2. Une enquête officielle est nécessaire pour déterminer qui a donné l'ordre de débarquer les personnes secourues dans un port dangereux, en violation du droit maritime. Le Centre de coordination des secours maritimes (MRCC) italien à Rome doit divulguer quel fut son rôle opérationnel dans cette opération et le cas échéant, quelle coordination a été mise en place entre le MRCC Rome et le Centre de coordination de secours joint (JRCC) libyen, si toutefois il y a eu coordination.
a.
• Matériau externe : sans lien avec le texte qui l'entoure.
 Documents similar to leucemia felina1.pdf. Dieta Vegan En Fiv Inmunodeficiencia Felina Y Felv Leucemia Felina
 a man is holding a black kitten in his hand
Le refoulement des personnes secourues vers la Libye constitue une violation du droit maritime international. De nombreux précédents juridiques des tribunaux italiens confirment son illégalité.
b. Les registres de communication indiquent que le navire battant pavillon des îles Marshall, le MV Bobic, avait initialement prévu de se rendre en Tunisie, sa destination d'origine, et que le capitaine du navire savait que le débarquement en Libye serait illégal. Un message de l'État du pavillon indique : « Il a maintenant été clarifié que le MRCC Rome a coordonné avec le JRCC Libye pour s'assurer que les 35 personnes migrantes soient débarquées du navire dès que possible ».
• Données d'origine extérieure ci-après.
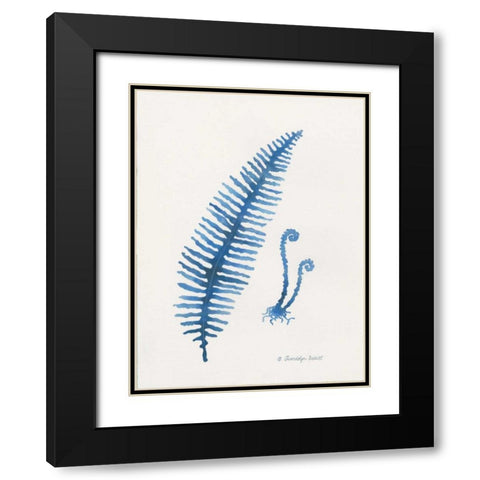 Indigo Fern II Black Modern Wood Framed Art Print with Double Matting by Babbitt, Gwendolyn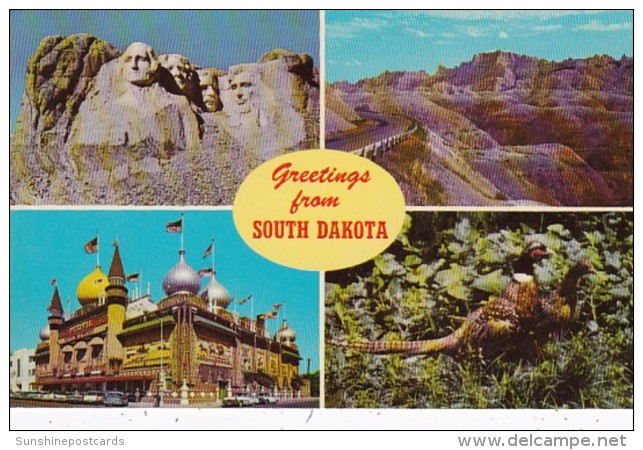 Greetings From South Dakota Corn Palace Mount Rushmore Bad Lands &amp; Pheasant The State Bird - Health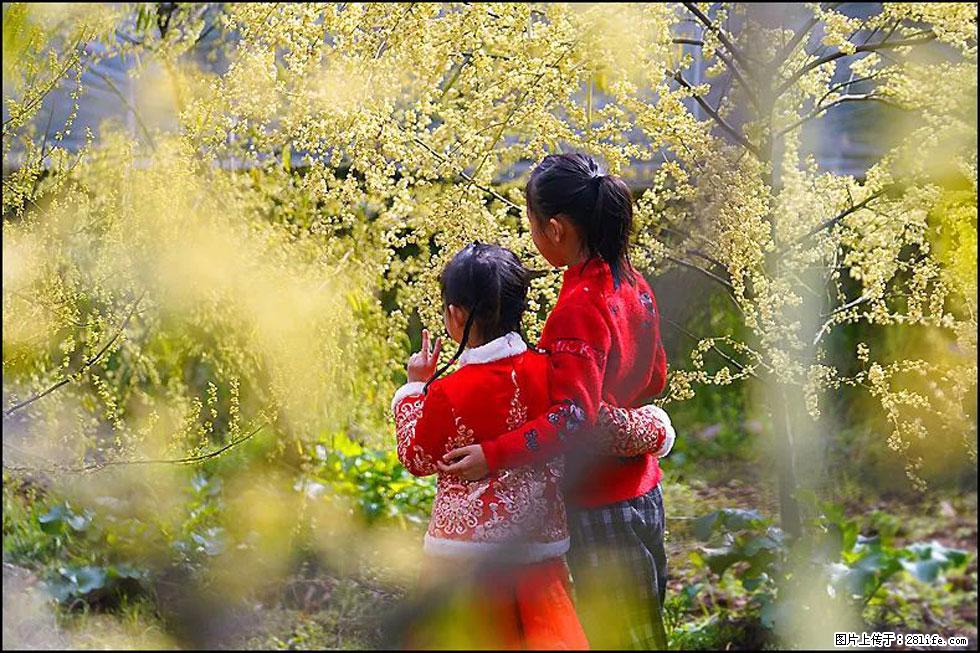 【春天,广西桂林灌阳县向您发出邀请!】米珠山前有片山苍子花在飘香 - 游山玩水 - 遵义生活社区 - 遵义28生活网 zunyi.28life.com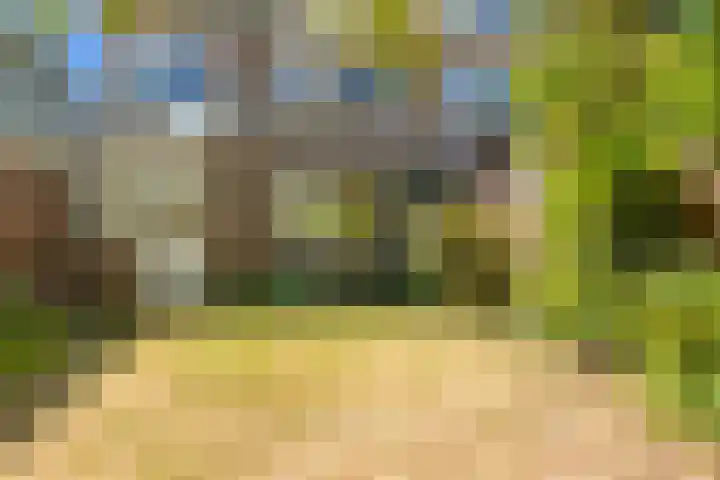 Bremlaan 18 Castricum thumbnail 34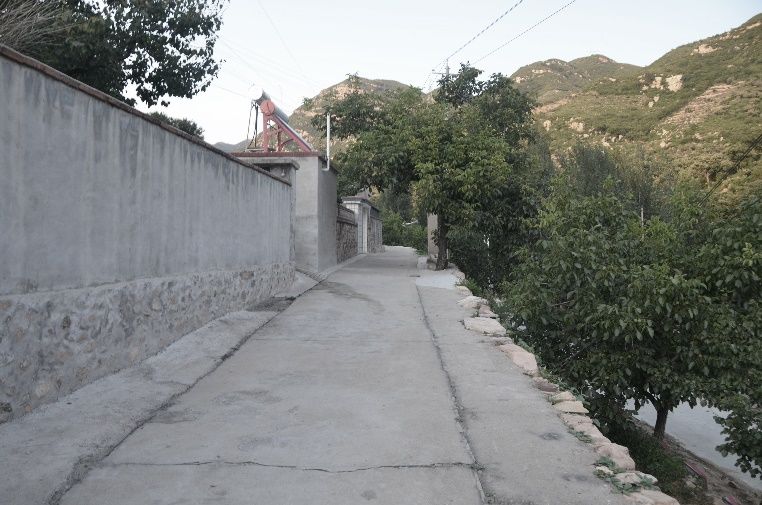 一星期 一万元 零废弃 | 脚手架建起的乡村艺廊-4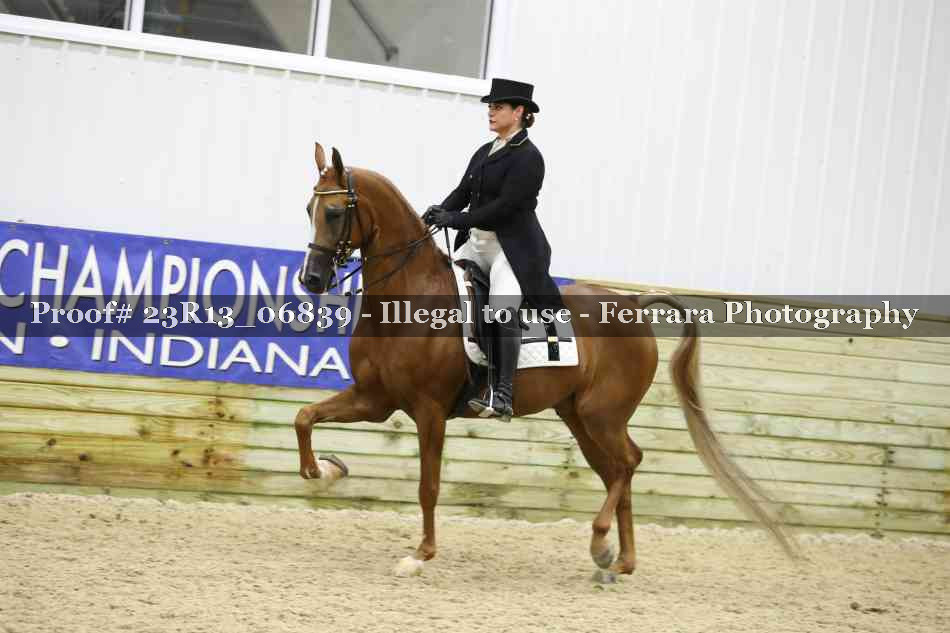 Proof 23R13_06839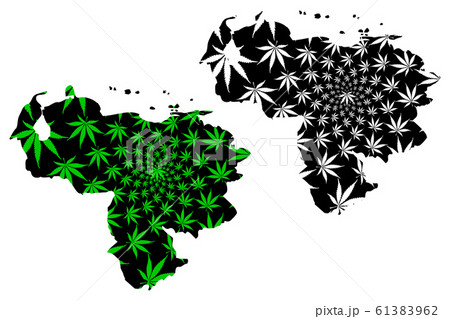 Venezuela - map is designed cannabis leaf 61383962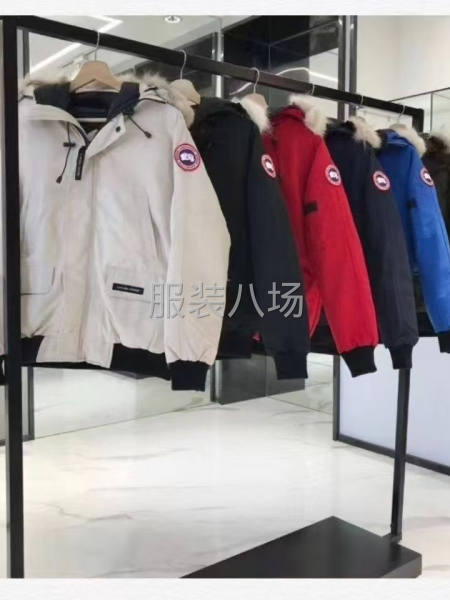 大鵝羽絨服出售-第1張圖片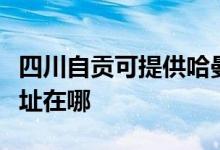 四川自贡可提供哈曼卡顿家庭影院维修服务地址在哪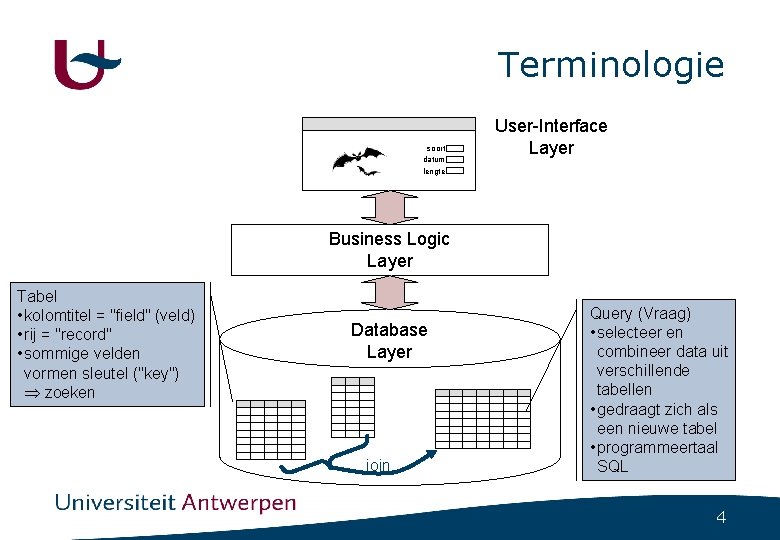 Terminologie soort datum lengte User-Interface Layer Business Logic Layer Tabel • kolomtitel = "field"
c. Cela indique une implication du MRCC Rome qui doit faire l'objet d'une enquête.
3. L'implication de Frontex et sa communication avec les autorités nationales concernant le cas de recherche et de sauvetage numéro AP0555 doivent être clarifiées.
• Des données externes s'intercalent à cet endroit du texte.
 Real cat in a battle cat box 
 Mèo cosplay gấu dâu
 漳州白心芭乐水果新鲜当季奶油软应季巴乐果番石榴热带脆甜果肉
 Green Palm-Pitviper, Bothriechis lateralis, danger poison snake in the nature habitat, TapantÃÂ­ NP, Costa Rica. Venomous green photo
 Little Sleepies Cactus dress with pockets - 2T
a. Des moyens aériens de Frontex étaient présents à proximité de l'incident de recherche et de sauvetage dimanche (Sparrow 1), mais aucune coordination des opérations de sauvetage avec les moyens de sauvetage disponibles n'a suivi.
b. Un rapport d'incident grave doit être publié et rendu accessible au public afin de clarifier les responsabilités en matière de refoulement et relativement aux décès signalés.
4. Nous demandons au gouvernement italien de mettre fin à la pratique punitive consistant à assigner des ports éloignés pour le débarquement, une politique qui, dans le cas présent, a contraint l'Ocean Viking à débarquer 13 personnes rescapées à Livourne, infligeant des souffrances inutiles à des personnes vulnérables.
a. Les 53 personnes secourues par l'Ocean Viking ont survécu à une épreuve incroyable. Elles étaient affaiblies et déshydratées, beaucoup souffraient de graves brûlures dues au carburant et avaient été témoins de la noyade de trois personnes. Toutes les personnes survivantes, sans exception, avaient besoin de soins médicaux et psychologiques urgents, selon l'évaluation des professionnel.le.s de santé à bord de l'Ocean Viking, qui l'ont d'ailleurs signalé aux autorités.
b. Les cinq cas médicaux les plus graves ont été évacués vers Lampedusa pour recevoir des soins d'urgence à terre le lundi 26 mai. Le tribunal pour mineurs de Palerme est intervenu en faveur des 33 enfants à bord, dont 27 étaient sans tuteur ou tutrice adulte.
c. Malgré des demandes répétées pour un débarquement complet à Porto Empedocle (Sicile), 13 personnes naufragées vulnérables ont été contraintes de passer deux jours et demi supplémentaires à bord pour atteindre le port assigné à Livourne, à 1 150 km du lieu du sauvetage. La nécessité pour le gouvernement d'organiser l'accueil de 13 personnes ne peut raisonnablement justifier cette décision.
d. Cette politique punitive d'assignation de ports éloignés aux navires humanitaires est contraire aux directives de l'Organisation maritime internationale (OMI) qui stipulent que les personnes rescapées doivent être débarquées dans un « lieu sûr » où leurs droits et leurs besoins fondamentaux sont respectés.